I could not stop going back to it. Him reaching out and tucking that strand of hair behind my ear like he had every right. My skin was still warm where his fingers had been and before I could stop myself I pressed the back of my hand to my cheek in the dark.

I stopped myself.

My phone was face down on the nightstand.

I told myself I was not going to look at it. I held that for about four minutes. Then I turned on my side, careful not to disturb Donald’s breathing, and reached for it anyway.

One notification. Unknown number. Sent forty minutes ago.

You still smoke the same brand.

I stared at it until I forgot to breathe.

I knew before I typed back. I knew and I typed anyway.

Me: Who is this.

The reply came in under a minute.

Kelvin: Someone who noticed.

Me: Kelvin.

Kelvin: How did you know it was me.

Me: Because no one else would text me about cigarettes at midnight.

Kelvin: Fair enough. Do you want to get the number question out of the way first.

Me: Where did you get my number.

Kelvin: That stays where it came from.

Me: That is not an answer.

Kelvin: No. It isn’t.

I lay there in the dark with the phone above my face. Donald’s breathing stayed even behind me, like nothing in the world had shifted at all. The room was exactly the same as it had been an hour ago. The same ceiling. The same dark. The same man behind me.

Nothing was the same.

Then the three dots appeared.

He was typing.

Then they stopped.

Then they started again.

My thumb stopped moving before I realised why.

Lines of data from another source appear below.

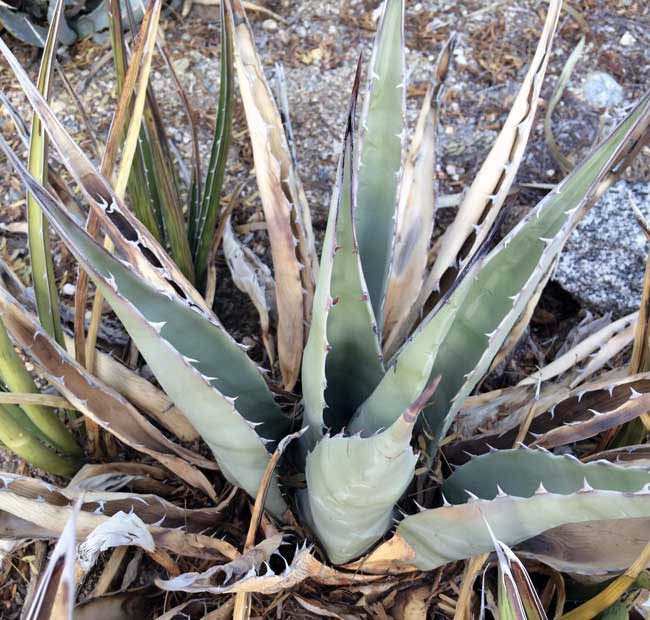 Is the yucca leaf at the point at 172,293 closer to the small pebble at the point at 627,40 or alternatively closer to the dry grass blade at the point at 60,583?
the dry grass blade at the point at 60,583

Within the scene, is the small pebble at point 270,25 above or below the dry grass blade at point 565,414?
above

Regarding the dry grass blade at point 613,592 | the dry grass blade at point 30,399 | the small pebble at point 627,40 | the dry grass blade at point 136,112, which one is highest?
the dry grass blade at point 136,112

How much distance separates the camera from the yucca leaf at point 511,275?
692 millimetres

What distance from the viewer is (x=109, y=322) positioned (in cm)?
121

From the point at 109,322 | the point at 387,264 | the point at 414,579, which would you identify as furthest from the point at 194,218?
the point at 414,579

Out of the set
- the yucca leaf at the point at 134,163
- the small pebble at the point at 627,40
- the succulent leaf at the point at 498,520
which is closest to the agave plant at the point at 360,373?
the succulent leaf at the point at 498,520

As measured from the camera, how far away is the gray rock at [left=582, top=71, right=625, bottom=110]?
1495 mm

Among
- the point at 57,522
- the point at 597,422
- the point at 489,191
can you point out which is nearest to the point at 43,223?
Result: the point at 57,522

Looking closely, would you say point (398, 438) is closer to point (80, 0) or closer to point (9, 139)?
point (9, 139)

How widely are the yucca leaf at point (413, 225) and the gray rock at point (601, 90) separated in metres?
0.66

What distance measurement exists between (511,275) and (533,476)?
0.21m

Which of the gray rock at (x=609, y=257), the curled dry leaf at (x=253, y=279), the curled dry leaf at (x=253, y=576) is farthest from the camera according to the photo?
the gray rock at (x=609, y=257)

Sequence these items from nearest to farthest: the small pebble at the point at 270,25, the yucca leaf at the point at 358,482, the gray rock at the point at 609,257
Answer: the yucca leaf at the point at 358,482 → the gray rock at the point at 609,257 → the small pebble at the point at 270,25

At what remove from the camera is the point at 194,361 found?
682mm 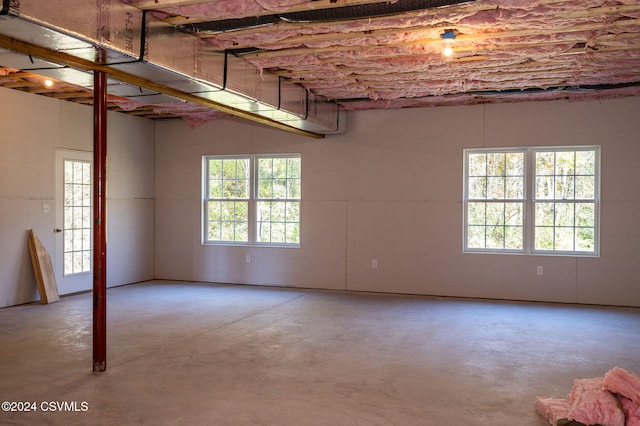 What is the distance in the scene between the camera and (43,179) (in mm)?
7348

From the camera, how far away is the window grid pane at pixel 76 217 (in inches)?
304

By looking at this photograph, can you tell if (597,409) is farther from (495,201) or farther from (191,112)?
(191,112)

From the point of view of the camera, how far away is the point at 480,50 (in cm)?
509

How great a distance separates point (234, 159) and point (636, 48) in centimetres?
590

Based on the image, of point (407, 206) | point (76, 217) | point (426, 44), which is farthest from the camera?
point (407, 206)

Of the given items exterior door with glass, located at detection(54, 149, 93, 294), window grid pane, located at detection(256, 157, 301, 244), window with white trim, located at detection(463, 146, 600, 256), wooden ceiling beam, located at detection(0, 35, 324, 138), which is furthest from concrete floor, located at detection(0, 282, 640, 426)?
wooden ceiling beam, located at detection(0, 35, 324, 138)

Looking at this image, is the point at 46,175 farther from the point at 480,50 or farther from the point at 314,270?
the point at 480,50

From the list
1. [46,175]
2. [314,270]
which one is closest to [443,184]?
[314,270]

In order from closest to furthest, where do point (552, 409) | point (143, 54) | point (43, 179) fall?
point (552, 409)
point (143, 54)
point (43, 179)

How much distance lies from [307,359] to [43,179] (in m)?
4.71

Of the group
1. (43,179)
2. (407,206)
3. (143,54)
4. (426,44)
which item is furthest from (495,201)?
(43,179)

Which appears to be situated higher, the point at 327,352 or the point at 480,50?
the point at 480,50

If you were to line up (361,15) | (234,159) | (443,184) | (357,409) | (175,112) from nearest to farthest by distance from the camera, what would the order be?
1. (357,409)
2. (361,15)
3. (443,184)
4. (175,112)
5. (234,159)

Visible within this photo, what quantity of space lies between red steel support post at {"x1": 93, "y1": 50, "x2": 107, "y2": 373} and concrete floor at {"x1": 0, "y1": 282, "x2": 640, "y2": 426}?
20 cm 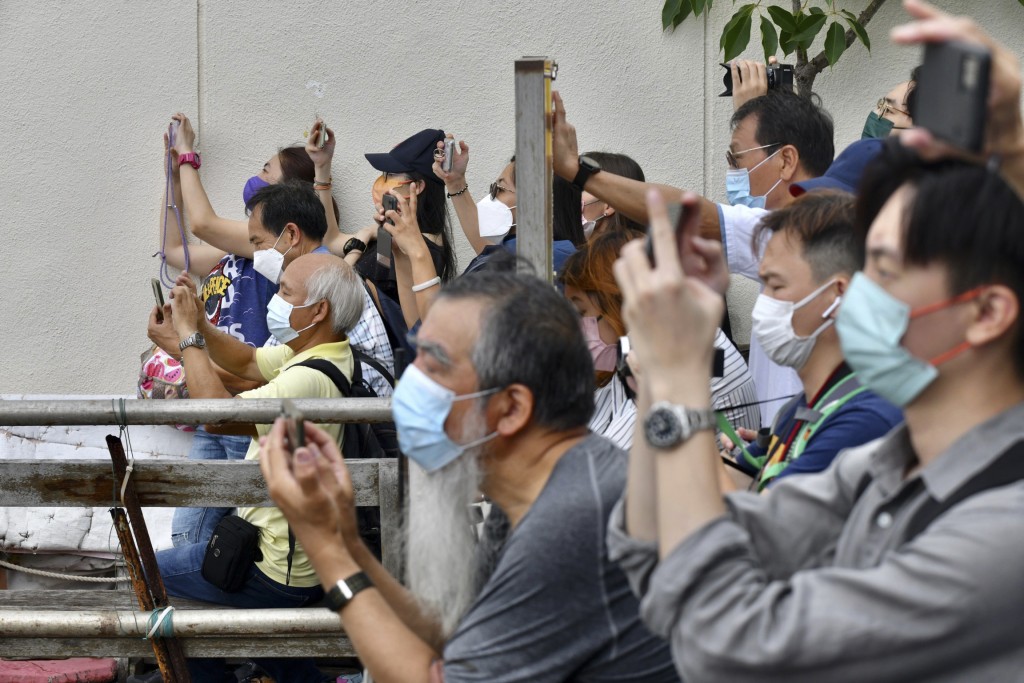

Kelvin: How are you, Anita. Actually. How are you.

I read it once.

I read it again.

I put the phone down and stared at the ceiling and my throat closed in a way I was not ready for.

How are you, Anita. Actually. How are you.

Nobody had asked me that. Not like that. Not with the actually in it, like the performed answer was not what he was after.

Four years of Donald’s silence in the car. The ring on the kettle counter. The sketchbooks in their box. The wrong coffee every morning. Four years of being very fine, very composed, very capable of performing a version of myself that was correct in every way that mattered to everyone except me.

And Kelvin Rae texts me at midnight and asks how I actually am.

I told myself no.

And reached for the phone anyway.

I did not answer the message. I just held it. Lay there on my side with Donald breathing behind me, his breathing steady and unbothered, like nothing in the world had shifted at all.

I closed my eyes.

I did not sleep.

I lay there until the dark outside softened. Black to grey. Grey to the pale white of a morning that does not care what the night before contained.

When my phone lit up I already knew.

Kelvin: Good morning, Anita.

I looked at it for a long time.

I did not answer.

I did not put it down either. Even when I told myself I would.